• _EXERCISE AIM_:
I need the records below restated word for word, without their pictures.

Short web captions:

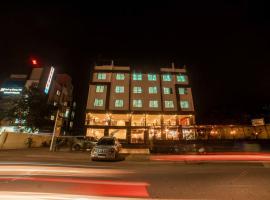 Hotel Emrald Tree, hotel para famílias em Pune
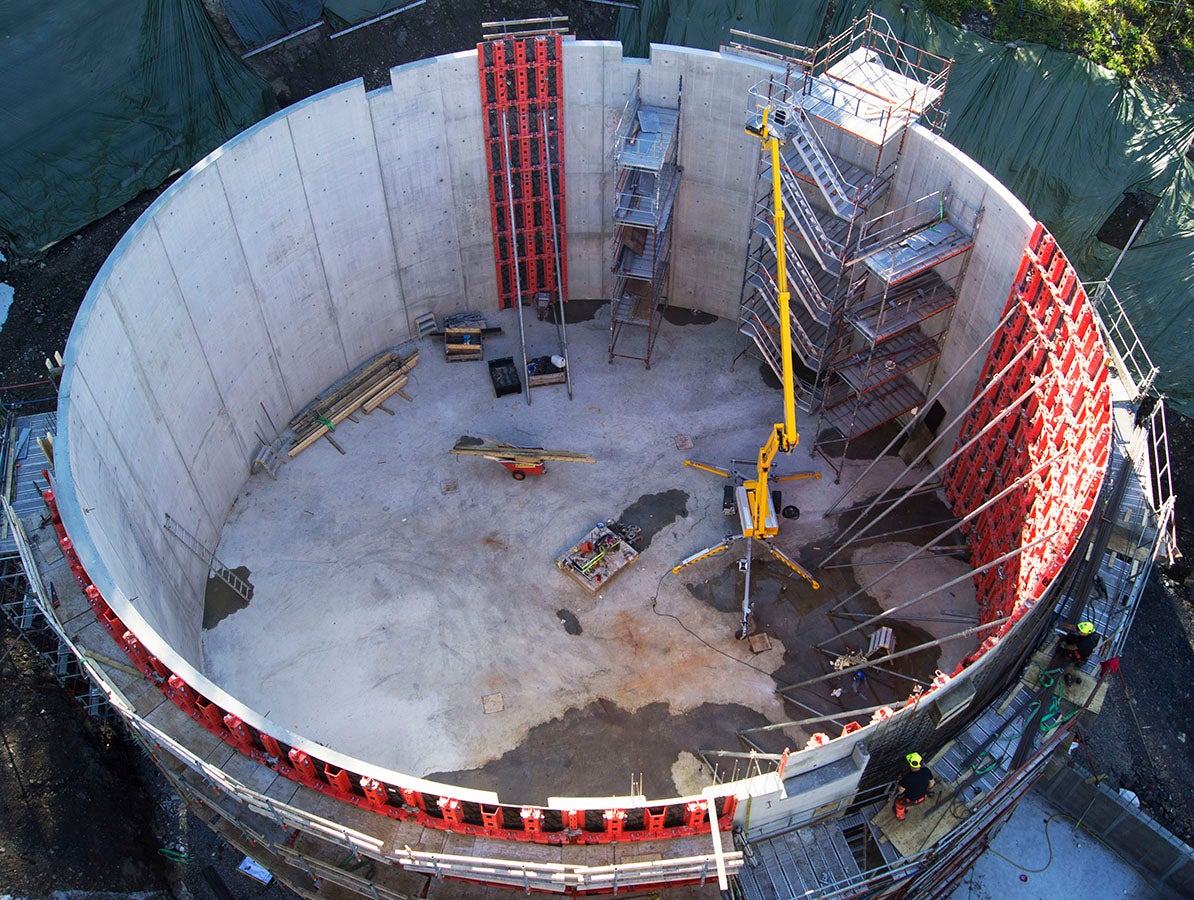 Nytt høydebasseng med leveranse av PERI produkter i april 2016.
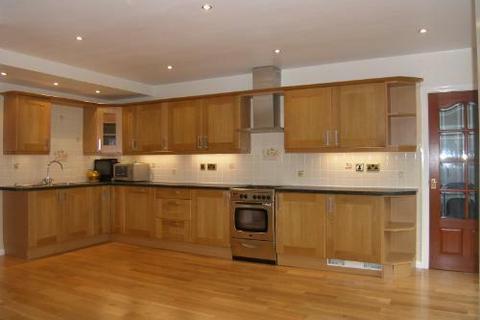 4 bedroom detached house to rent, Laneside Drive, Stockport SK7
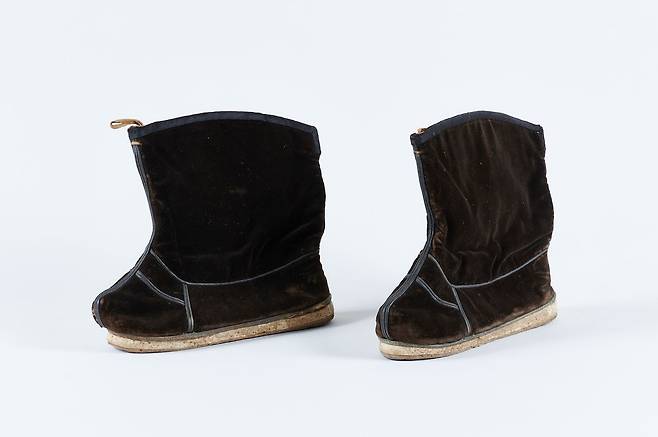 목화(木靴). 조선시대 관복에 신던 신이다. 사진 국립진주박물관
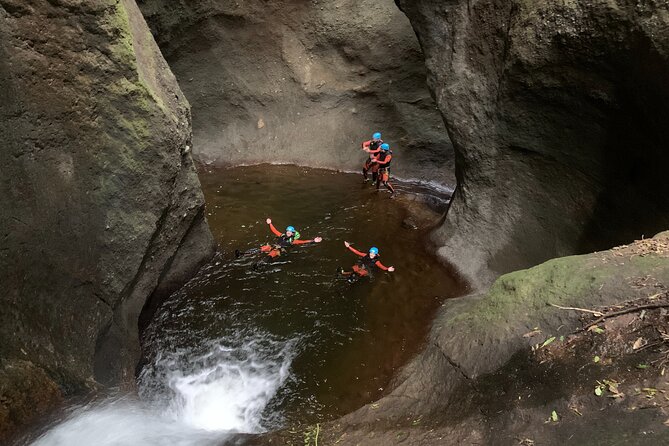 Canyoning Ilhéus Inferior - Flores Island - Canyoning on Flores Island
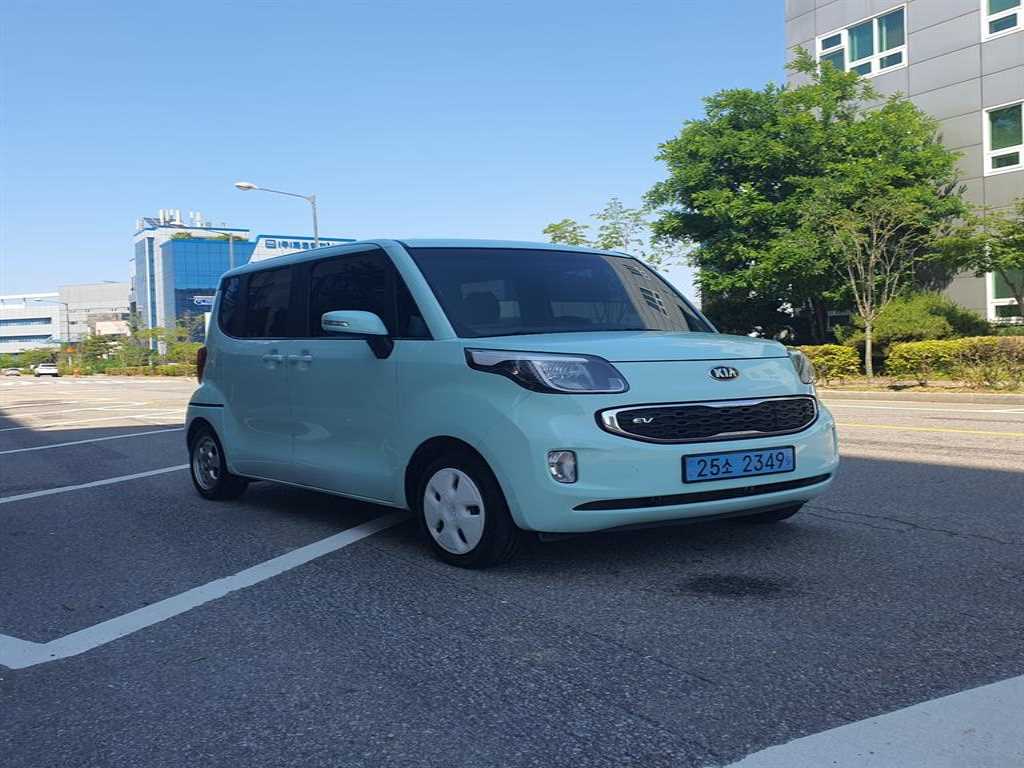 KIA Ray - Vista 4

• _ANSWER TO THIS TASK_:
 Hotel Emrald Tree, hotel para famílias em Pune
 Nytt høydebasseng med leveranse av PERI produkter i april 2016.
 4 bedroom detached house to rent, Laneside Drive, Stockport SK7
 목화(木靴). 조선시대 관복에 신던 신이다. 사진 국립진주박물관
 Canyoning Ilhéus Inferior - Flores Island - Canyoning on Flores Island
 KIA Ray - Vista 4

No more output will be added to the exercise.